Print the listing once more, exactly as it stands.

**DATASET EXTRACT**
○ ○ ○ ○

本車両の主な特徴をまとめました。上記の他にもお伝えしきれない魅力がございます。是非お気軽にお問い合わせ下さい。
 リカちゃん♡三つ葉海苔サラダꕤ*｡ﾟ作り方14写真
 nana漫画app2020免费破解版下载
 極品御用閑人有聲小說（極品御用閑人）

○ ○ ○ ○

**REPLY TO THE TASK**
本車両の主な特徴をまとめました。上記の他にもお伝えしきれない魅力がございます。是非お気軽にお問い合わせ下さい。
 リカちゃん♡三つ葉海苔サラダꕤ*｡ﾟ作り方14写真
 nana漫画app2020免费破解版下载
 極品御用閑人有聲小說（極品御用閑人）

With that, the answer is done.